This idea is nothing new to marketers (“half of my advertising is wasted…”) but it’s particularly pertinent in retail media, where much of the advertising sits close to the goal-line, on the site or app where the purchase is made (the so-called ‘closed loop’). Yes, a particular shopper may have seen an ad and then added that product to their cart, but who’s to say they might not have done so anyway?

The IAB and Media Rating Council’s much welcomed Retail Media Measurement Guidelines published in September 2023 includes a whole section on this topic and offers the following definition:

“Incrementality measures the true value created by any business strategy, determined by isolating and measuring related results, independent of other potential business factors. In other words, incrementality is the potential causal impact of marketing.”

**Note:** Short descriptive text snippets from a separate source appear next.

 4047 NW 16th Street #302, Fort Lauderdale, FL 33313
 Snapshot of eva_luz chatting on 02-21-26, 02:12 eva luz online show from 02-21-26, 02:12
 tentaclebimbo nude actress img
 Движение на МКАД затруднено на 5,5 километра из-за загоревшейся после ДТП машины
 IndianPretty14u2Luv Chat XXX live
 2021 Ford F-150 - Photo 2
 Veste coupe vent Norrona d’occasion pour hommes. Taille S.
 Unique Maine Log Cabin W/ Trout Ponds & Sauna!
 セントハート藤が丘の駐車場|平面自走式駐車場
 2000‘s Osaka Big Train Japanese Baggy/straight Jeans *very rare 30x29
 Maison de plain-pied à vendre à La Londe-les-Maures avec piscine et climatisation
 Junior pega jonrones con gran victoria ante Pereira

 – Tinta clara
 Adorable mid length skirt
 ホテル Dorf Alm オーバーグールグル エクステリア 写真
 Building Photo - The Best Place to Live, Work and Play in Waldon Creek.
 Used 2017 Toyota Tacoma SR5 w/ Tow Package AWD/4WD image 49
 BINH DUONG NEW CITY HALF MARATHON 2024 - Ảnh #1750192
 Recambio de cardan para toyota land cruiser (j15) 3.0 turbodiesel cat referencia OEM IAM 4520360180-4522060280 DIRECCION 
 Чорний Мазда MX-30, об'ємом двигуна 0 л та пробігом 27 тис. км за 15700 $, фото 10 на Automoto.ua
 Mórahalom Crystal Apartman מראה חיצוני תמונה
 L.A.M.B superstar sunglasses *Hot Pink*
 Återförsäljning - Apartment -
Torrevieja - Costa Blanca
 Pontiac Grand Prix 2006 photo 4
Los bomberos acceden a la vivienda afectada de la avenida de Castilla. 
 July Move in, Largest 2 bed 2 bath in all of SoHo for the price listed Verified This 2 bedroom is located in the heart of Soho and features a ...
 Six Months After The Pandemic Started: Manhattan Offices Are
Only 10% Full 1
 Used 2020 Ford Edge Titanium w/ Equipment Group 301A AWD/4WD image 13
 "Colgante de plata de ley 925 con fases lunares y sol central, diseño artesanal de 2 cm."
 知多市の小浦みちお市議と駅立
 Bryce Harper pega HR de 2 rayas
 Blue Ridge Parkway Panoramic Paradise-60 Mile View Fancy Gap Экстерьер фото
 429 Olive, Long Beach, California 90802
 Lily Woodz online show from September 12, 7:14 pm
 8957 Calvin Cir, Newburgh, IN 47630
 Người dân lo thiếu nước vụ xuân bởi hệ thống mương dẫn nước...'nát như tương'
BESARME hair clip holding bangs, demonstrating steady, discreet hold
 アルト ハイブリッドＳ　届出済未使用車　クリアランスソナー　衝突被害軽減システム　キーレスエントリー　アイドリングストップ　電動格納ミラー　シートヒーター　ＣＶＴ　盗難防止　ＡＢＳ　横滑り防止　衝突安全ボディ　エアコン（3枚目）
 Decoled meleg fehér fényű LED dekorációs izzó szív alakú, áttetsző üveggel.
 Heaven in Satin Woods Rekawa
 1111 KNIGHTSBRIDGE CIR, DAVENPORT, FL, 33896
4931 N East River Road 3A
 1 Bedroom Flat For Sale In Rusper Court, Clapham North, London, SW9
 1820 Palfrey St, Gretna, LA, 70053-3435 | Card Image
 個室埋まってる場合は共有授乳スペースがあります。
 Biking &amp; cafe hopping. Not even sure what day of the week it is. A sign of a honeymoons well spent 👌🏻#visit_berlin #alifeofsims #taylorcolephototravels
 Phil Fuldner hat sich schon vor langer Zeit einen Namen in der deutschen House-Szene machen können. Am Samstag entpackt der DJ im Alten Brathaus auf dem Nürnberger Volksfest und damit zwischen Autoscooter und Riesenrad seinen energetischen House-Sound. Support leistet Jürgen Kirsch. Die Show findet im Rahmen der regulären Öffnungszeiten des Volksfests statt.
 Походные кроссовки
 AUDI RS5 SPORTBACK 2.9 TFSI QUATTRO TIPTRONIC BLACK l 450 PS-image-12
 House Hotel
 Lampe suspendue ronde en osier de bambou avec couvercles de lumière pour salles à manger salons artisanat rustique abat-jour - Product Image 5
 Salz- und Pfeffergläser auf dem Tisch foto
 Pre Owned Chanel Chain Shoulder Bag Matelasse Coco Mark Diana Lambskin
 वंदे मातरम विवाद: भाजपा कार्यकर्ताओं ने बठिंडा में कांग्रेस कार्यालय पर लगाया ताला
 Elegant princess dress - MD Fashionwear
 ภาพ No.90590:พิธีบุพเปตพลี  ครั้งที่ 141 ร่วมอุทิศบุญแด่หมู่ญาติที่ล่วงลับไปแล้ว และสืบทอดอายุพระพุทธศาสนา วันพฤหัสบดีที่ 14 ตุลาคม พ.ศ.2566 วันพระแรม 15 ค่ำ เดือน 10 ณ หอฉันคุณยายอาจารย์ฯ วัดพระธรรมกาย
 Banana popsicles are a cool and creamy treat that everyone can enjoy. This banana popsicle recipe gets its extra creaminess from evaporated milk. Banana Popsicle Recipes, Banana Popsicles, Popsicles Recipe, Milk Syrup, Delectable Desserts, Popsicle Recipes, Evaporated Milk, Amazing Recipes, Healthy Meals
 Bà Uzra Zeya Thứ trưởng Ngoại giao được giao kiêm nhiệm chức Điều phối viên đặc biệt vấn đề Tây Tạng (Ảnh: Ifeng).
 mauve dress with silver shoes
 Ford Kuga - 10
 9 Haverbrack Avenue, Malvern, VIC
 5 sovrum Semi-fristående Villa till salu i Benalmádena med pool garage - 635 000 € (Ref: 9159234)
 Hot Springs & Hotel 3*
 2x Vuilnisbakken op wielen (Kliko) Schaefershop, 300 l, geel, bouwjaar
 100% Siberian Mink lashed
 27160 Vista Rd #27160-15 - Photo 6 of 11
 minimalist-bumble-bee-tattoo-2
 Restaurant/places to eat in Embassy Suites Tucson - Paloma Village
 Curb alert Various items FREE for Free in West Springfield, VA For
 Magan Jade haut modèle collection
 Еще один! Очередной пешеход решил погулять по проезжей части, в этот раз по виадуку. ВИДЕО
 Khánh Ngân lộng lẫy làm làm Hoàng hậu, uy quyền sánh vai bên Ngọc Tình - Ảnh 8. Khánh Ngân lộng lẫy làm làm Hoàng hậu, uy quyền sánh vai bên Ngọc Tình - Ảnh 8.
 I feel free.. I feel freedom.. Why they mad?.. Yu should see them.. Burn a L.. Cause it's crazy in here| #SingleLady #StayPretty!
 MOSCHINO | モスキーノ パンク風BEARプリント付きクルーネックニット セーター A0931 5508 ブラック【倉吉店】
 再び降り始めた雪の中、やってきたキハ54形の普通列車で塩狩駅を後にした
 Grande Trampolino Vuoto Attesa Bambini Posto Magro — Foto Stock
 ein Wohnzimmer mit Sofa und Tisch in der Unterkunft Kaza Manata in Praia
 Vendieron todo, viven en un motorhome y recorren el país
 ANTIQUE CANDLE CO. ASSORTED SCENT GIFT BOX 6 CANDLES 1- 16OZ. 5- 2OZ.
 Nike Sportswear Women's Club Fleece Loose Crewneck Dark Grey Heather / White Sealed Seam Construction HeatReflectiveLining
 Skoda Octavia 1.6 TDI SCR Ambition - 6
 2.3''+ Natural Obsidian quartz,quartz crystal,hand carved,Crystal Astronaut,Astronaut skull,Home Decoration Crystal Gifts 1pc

Recently, I spoke to David Pollet, CEO at the very aptly-named retail media measurement platform, Incremental, who described in more detail the measurement challenges faced by advertisers.

Legacy measurement approaches won’t work for retail media

“My belief is that [retail media] is not really totally media. Some of it is media and a lot of it is merchandising,” says Pollet, adding that legacy measurement approaches won’t work for retail media.

Traditionally, media buyers have used a combination of media mix modelling and lift testing to test correlation and causality, respectively (leaving aside multi-touch attribution, which Pollet describes as “a proven failure”).

“The measurement universe has accepted you need to have both. You need to have causality to do validation of your correlation, but you need correlation because it’s more ubiquitous and there are a lot of pockets in the world where you can’t do straight lift tests. It’s also really expensive to keep taking 10% of your advertising inventory and holding it out (to prove uplift).”

The problem is that retail media is different.

“The ads in retail media sit on a page right next to the checkout, right? Your price is there, your promotions are there, your competitor’s pricing is there, their promotions are there and Amazon (for example) has algorithms that are changing the position of everything on a regular basis,” explains Pollet.

How valid is that measurement approach if it is measuring an ad that is now right next to a new competitive offering?

This flux creates lots of variables that make lift tests pretty much impossible to do. Pollet offers a hypothetical scenario:

“Imagine you could [run a lift test on Amazon]. Then what? The best practice would be to run the test and say (for example) ‘this offers 2.2 return on investment’ and you would then apply that for the next 364 days of the year. But an hour later, a new competitor can enter the page and be running a two-for-one offer. So, how valid is that measurement approach if it is measuring an ad that is now right next to a new competitive offering?”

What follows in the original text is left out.